*** PROVIDED MATERIAL Section Begins ***

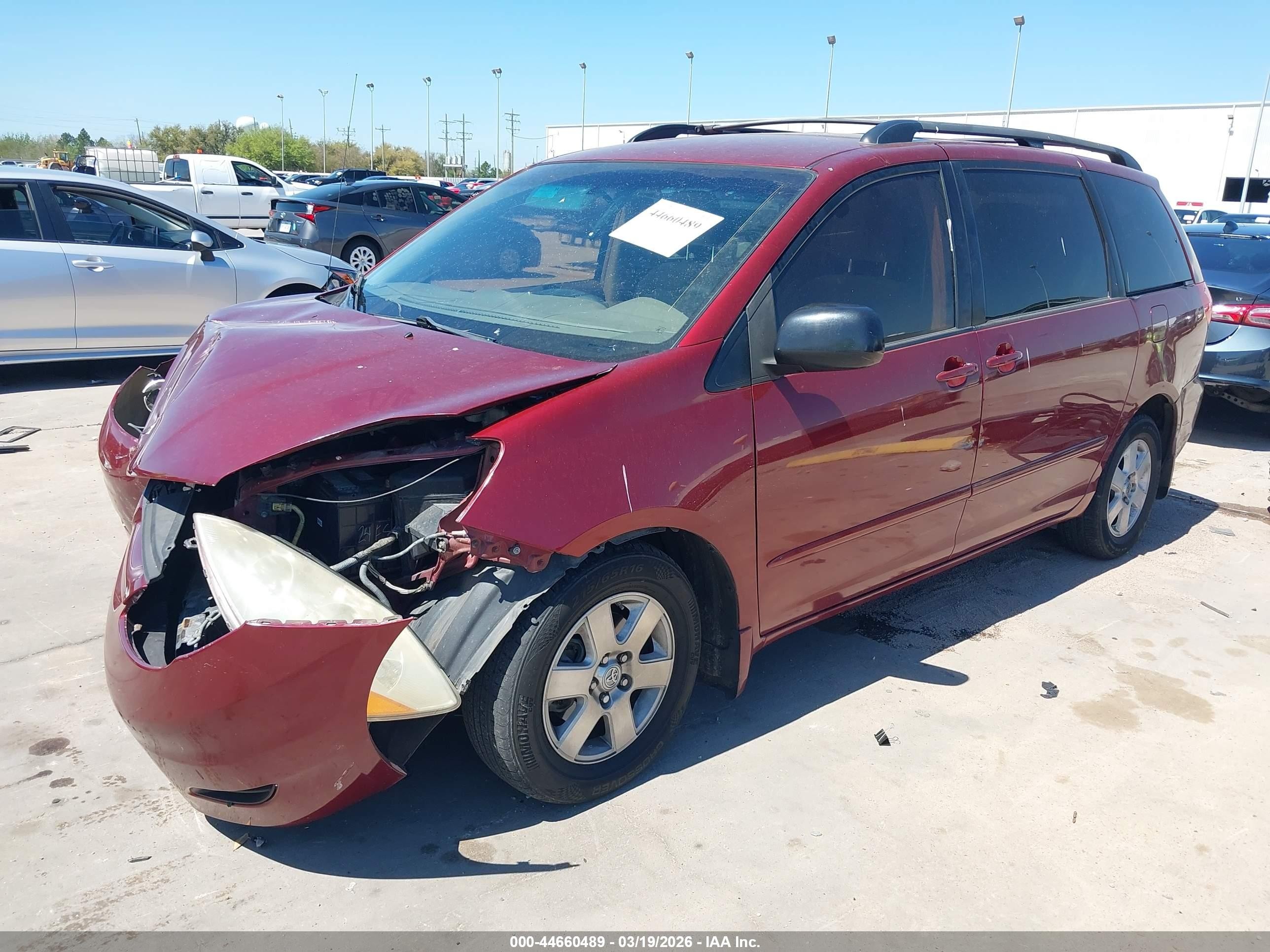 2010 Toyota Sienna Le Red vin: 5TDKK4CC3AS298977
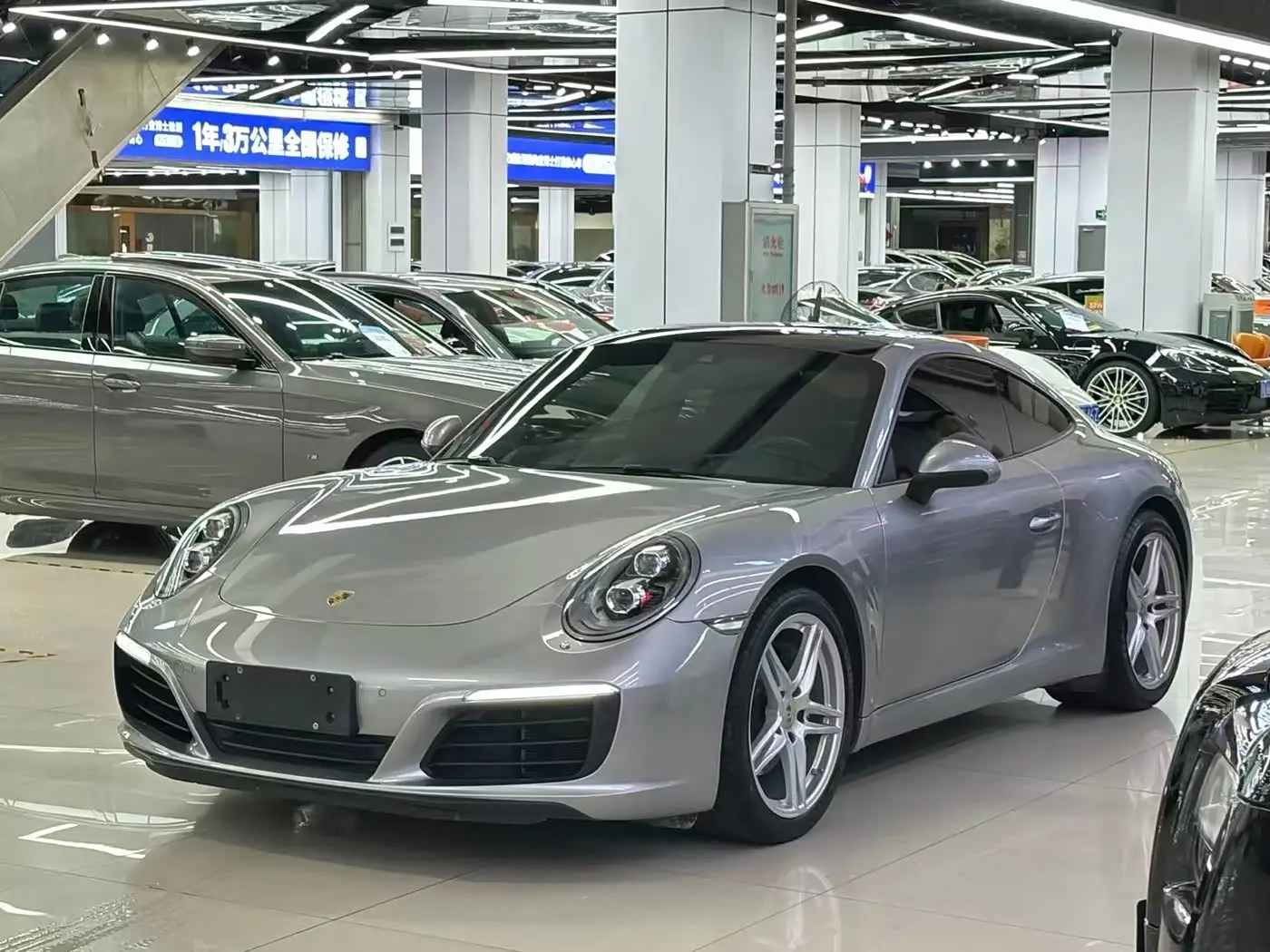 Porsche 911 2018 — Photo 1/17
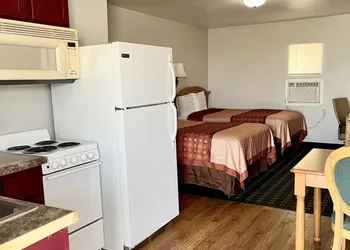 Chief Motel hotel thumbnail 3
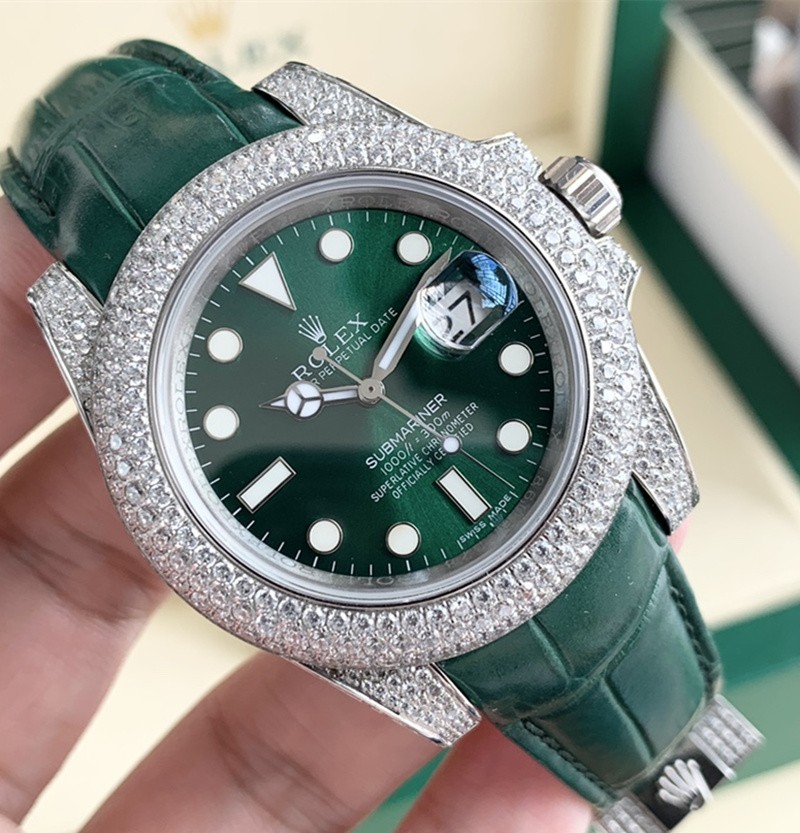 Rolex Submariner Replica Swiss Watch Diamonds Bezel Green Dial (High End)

*** PROVIDED MATERIAL Section Ends ***

WORK TO COMPLETE >> All that is needed is the lines from the line holding "Porsche 911 2018 — Photo 1/17" to the final line of the listing above, repeated exactly, pictures excluded.

EXERCISE OUTPUT >>
 Porsche 911 2018 — Photo 1/17
 Chief Motel hotel thumbnail 3
 Rolex Submariner Replica Swiss Watch Diamonds Bezel Green Dial (High End)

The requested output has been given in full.